Records drawn from a dataset
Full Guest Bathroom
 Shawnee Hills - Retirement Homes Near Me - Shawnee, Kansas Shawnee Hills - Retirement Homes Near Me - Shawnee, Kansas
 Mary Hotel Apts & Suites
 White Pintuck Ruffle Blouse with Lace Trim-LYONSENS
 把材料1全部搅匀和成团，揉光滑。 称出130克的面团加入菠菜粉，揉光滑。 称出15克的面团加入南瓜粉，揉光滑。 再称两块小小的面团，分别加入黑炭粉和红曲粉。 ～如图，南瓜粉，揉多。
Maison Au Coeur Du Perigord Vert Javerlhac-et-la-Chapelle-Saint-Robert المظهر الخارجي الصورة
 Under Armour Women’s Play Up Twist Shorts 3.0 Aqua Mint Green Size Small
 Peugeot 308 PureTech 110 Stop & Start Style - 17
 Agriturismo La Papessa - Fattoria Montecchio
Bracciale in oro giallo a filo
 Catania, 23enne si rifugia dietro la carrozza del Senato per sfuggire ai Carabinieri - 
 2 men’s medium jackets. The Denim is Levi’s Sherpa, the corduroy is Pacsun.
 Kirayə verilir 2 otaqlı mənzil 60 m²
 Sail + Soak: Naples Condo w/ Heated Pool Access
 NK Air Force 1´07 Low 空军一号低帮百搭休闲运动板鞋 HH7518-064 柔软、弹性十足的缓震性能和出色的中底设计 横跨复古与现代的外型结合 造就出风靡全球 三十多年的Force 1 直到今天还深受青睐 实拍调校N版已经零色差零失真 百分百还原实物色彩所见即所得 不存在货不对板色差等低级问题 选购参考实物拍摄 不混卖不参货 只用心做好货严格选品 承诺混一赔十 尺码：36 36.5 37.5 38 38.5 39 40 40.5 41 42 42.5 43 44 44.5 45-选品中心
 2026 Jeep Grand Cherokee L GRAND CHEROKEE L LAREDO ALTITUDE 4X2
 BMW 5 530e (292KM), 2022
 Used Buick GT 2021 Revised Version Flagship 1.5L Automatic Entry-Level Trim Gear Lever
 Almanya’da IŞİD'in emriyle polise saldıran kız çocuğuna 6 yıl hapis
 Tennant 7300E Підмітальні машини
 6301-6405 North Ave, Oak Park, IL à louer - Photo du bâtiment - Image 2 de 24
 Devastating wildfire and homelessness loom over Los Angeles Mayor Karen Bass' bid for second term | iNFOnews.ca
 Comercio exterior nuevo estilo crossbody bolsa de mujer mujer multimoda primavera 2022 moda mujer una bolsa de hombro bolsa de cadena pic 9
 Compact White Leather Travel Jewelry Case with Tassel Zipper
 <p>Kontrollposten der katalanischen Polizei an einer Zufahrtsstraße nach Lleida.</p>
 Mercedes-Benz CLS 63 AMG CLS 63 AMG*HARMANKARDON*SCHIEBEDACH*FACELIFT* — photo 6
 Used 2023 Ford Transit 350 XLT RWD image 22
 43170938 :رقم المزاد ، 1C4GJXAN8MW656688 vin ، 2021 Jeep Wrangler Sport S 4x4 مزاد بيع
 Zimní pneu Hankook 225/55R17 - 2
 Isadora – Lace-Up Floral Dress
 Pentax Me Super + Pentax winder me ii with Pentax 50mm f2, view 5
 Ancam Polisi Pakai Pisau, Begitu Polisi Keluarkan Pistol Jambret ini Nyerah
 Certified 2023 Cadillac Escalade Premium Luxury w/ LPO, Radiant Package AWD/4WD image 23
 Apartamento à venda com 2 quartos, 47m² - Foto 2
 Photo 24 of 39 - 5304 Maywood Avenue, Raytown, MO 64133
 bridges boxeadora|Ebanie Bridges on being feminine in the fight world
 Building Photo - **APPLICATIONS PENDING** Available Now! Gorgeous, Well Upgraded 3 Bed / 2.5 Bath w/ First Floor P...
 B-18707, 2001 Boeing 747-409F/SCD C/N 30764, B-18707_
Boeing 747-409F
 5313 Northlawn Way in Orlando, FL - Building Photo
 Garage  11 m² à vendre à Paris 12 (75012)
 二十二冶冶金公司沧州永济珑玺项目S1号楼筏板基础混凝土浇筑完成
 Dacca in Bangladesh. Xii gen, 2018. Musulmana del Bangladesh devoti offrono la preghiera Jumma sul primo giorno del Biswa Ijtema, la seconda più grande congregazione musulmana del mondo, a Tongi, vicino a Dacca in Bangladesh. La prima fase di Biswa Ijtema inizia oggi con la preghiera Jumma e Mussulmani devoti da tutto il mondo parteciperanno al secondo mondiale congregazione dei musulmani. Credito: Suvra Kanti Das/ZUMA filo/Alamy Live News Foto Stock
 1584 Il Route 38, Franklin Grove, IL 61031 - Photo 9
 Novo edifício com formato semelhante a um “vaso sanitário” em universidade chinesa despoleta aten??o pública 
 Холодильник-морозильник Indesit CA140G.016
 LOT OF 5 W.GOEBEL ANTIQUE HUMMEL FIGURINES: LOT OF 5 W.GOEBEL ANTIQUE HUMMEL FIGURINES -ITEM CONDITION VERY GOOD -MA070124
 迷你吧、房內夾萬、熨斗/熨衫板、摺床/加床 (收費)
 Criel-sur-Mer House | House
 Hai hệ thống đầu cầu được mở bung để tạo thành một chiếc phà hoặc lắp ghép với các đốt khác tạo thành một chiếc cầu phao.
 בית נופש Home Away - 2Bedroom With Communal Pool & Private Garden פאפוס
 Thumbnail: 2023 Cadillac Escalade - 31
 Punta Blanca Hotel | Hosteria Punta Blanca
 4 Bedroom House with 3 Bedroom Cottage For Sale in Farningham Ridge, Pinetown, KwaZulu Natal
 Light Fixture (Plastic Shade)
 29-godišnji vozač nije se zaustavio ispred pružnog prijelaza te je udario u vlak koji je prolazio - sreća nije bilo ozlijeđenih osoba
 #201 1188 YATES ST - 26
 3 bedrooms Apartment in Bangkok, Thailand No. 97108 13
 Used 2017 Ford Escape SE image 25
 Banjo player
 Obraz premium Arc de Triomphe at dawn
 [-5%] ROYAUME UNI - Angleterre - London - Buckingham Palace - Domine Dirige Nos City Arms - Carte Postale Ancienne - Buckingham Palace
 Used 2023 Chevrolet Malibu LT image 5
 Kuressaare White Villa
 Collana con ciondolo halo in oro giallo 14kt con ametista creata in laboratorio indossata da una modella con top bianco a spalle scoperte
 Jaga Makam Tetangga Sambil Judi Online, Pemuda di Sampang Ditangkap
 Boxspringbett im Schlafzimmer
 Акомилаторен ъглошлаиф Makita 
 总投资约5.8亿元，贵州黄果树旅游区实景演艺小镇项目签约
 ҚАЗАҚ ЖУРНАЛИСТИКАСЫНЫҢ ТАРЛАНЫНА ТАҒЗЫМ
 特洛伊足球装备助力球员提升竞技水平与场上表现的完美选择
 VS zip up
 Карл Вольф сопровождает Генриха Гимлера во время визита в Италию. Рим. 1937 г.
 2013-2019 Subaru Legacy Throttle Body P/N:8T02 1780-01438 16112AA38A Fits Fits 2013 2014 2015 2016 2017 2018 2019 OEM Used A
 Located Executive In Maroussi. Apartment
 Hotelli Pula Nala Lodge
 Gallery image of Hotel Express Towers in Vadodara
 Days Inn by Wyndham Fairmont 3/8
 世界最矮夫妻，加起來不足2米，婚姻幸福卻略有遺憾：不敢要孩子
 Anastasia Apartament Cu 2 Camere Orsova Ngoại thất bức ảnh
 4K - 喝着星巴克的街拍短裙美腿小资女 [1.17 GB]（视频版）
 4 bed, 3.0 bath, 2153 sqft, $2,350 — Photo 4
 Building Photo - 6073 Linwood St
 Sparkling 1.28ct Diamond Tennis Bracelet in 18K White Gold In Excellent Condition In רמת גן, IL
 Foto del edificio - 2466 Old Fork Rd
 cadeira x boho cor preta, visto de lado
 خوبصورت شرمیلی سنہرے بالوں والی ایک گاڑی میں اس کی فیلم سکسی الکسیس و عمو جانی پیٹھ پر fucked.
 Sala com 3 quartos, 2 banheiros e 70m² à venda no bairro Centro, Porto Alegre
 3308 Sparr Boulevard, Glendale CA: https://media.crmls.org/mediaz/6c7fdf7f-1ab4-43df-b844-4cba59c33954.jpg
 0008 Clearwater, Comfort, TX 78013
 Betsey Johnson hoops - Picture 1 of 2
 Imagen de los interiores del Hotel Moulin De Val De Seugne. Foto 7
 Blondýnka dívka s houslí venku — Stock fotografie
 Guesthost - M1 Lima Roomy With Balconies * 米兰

> Problem statement:
What the task asks for is a word-for-word repeat of the lines above, from the first through the one containing "Catania, 23enne si".

> Output of the exercise:
Full Guest Bathroom
 Shawnee Hills - Retirement Homes Near Me - Shawnee, Kansas Shawnee Hills - Retirement Homes Near Me - Shawnee, Kansas
 Mary Hotel Apts & Suites
 White Pintuck Ruffle Blouse with Lace Trim-LYONSENS
 把材料1全部搅匀和成团，揉光滑。 称出130克的面团加入菠菜粉，揉光滑。 称出15克的面团加入南瓜粉，揉光滑。 再称两块小小的面团，分别加入黑炭粉和红曲粉。 ～如图，南瓜粉，揉多。
Maison Au Coeur Du Perigord Vert Javerlhac-et-la-Chapelle-Saint-Robert المظهر الخارجي الصورة
 Under Armour Women’s Play Up Twist Shorts 3.0 Aqua Mint Green Size Small
 Peugeot 308 PureTech 110 Stop & Start Style - 17
 Agriturismo La Papessa - Fattoria Montecchio
Bracciale in oro giallo a filo
 Catania, 23enne si rifugia dietro la carrozza del Senato per sfuggire ai Carabinieri - 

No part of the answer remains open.